Background: Accurate delineation of the clinical target volume (CTV) is essential in the radiotherapy treatment of soft tissue sarcomas. However, this process is subject to inter-reader variability due to the need for clinical assessment of risk and extent of potential microscopic spread. This can lead to inconsistencies in treatment planning, potentially impacting treatment outcomes. Most existing automatic CTV delineation methods do not account for this variability and can only generate a single CTV for each case.
Purpose: This study aims to develop a deep learning-based technique to generate multiple CTV contours for each case, simulating the inter-reader variability in the clinical practice.

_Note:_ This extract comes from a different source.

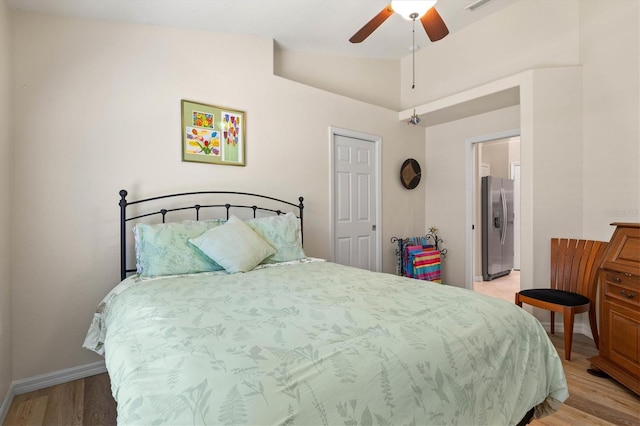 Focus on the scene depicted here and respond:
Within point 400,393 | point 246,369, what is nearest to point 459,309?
point 400,393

Methods: We employed a publicly available dataset consisting of fluorodeoxyglucose positron emission tomography (FDG-PET), x-ray computed tomography (CT), and pre-contrast T1-weighted magnetic resonance imaging (MRI) scans from 51 patients with soft tissue sarcoma, along with an independent validation set containing five additional patients. An experienced reader drew a contour of the gross tumor volume (GTV) for each patient based on multi-modality images. Subsequently, two additional readers, together with the first one, were responsible for contouring three CTVs in total based on the GTV. We developed a diffusion model-based deep learning method that is capable of generating arbitrary number of different and plausible CTVs to mimic the inter-reader variability in CTV delineation. The proposed model incorporates a separate encoder to extract features from the GTV masks, leveraging the critical role of GTV information in accurate CTV delineation.

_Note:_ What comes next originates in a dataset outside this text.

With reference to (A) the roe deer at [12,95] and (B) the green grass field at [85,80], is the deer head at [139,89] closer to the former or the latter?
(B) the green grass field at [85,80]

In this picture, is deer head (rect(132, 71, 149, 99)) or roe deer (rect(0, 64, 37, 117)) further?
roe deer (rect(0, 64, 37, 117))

Results: The proposed diffusion model demonstrated superior performance with the highest Dice Index (0.902 compared to values below 0.881 for state-of-the-art models) and the best generalized energy distance (GED) (0.209 compared to values exceeding 0.221 for state-of-the-art models). It also achieved the second-highest recall and precision metrics among the compared ambiguous image segmentation models. Results from both datasets exhibited consistent trends, reinforcing the reliability of our findings. Additionally, ablation studies exploring different model structures and input configurations highlighted the significance of incorporating prior GTV information for accurate CTV delineation.
Conclusions: The proposed diffusion model successfully generates multiple plausible CTV contours for soft tissue sarcomas, effectively capturing inter-reader variability in CTV delineation.